News media are at a point of historic transition. The conjuncture of digital and social media is merging the roles of readers and providers. Readers are increasingly participating in the news media cycle, where news are written, published, commented, associated with other news, improved, and published again. More than ever, the future of news depends on harnessing the participation of readers in the global process of production and consumption of news.

Many new sites and bloggers try to bind their readers to the news sites using different approaches and means. Usually, the comments are the most participated but, the “like” or the “+1” used in social networks are also increasing their spread among news media. Other less, participated means are the connections to and from blogs, or even the editing of short stories as in Scoop (www.scoop.it). Given this quantity of links, connections and information provided by readers, it would be losing an opportunity if news producers wouldn’t take advance of this information in order to better understand reader’s needs, interests in order for further development of the stories or even improvements.

In this article we present and describe the Breadcrumbs system whose goal is to capitalize on the participation of the general public in the production of news by creating bridges between online news and the “Social Web” while stepping over the traditional techniques of natural language processing and its associated complexity.

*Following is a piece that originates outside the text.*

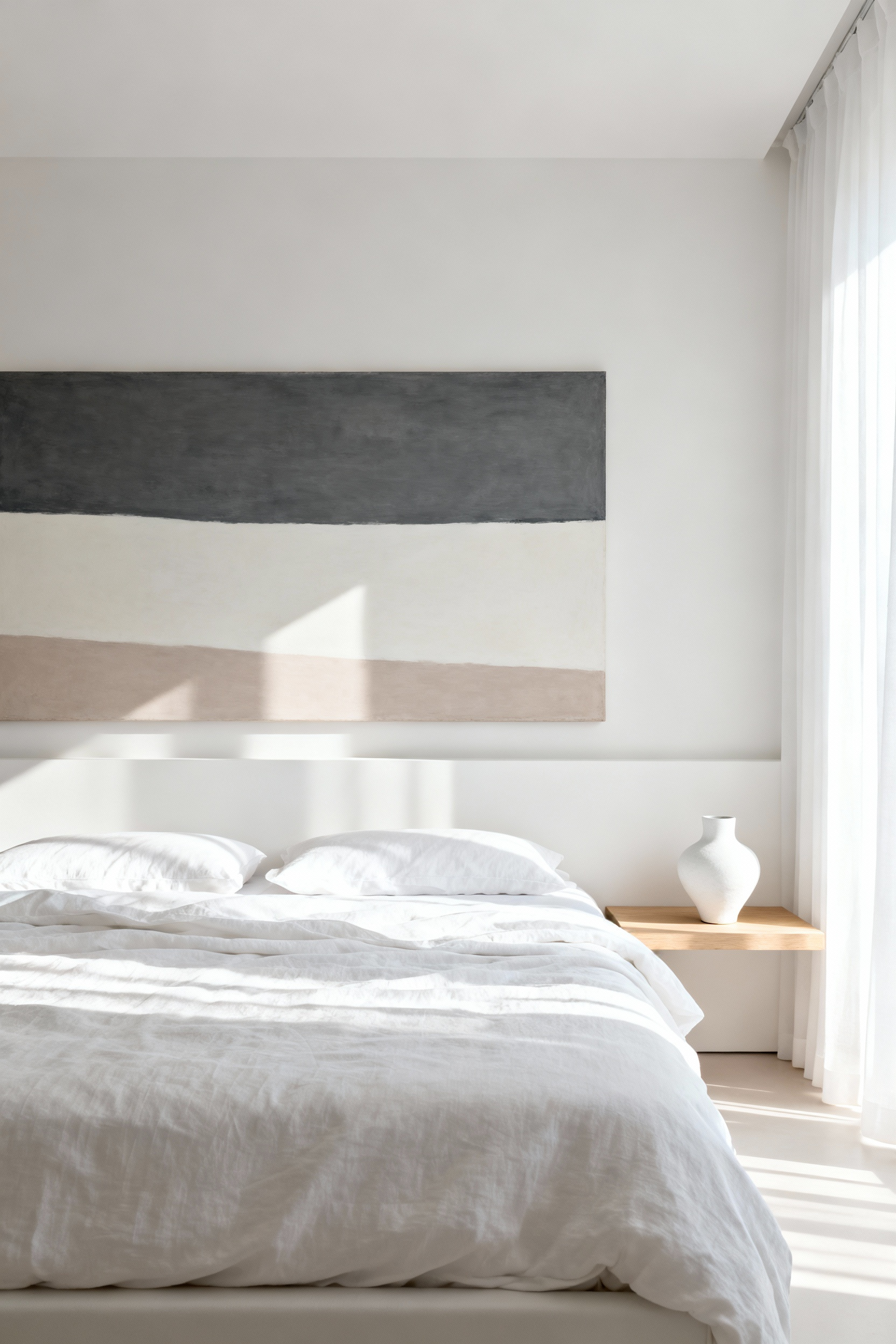A minimalist white bedroom emphasizing negative space, featuring a single, large abstract artwork centered above the bed against a pristine white wall.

The project builds on the use of Social Web tools that we created for gathering the opinions of readers for the news that are interesting to them, and then creating a semantically organized model of the readers’ opinions. In particular, Breadcrumbs focuses on:

  • 1.

    Collecting news fragments from the Web.

  • 2.

    Semi-automatically organizing those fragments.

  • 3.

    Aggregating the fragments across readers and building the social network of news.

  • 4.

    Anonymously inferring relationships between readers.

  • 5.

    Inferring relationships between news.

In order to accomplish these tasks, we use various inference and interaction approaches. We combine automatic and user-mediated approaches to yield better results than either approach in isolation – our rationale is: automatic mechanisms can handle extremely large amounts of data, and people can provide insights which are difficult to identify with automatic mechanisms.

The remaining of this article is structured as follows: in this next section we describe our insight in creating the Breadcrumbs system and try to ground our beliefs in what concerns the viability and opportunity of a social network formed by news clips. In section 1 we detail some of the most important concepts to prepare the reader to understand the state of the art in the area. Section 2 is devoted to the full description of our system, which is then analysed through several tests described in section 3, along with our findings. In section 4 we present our conclusions.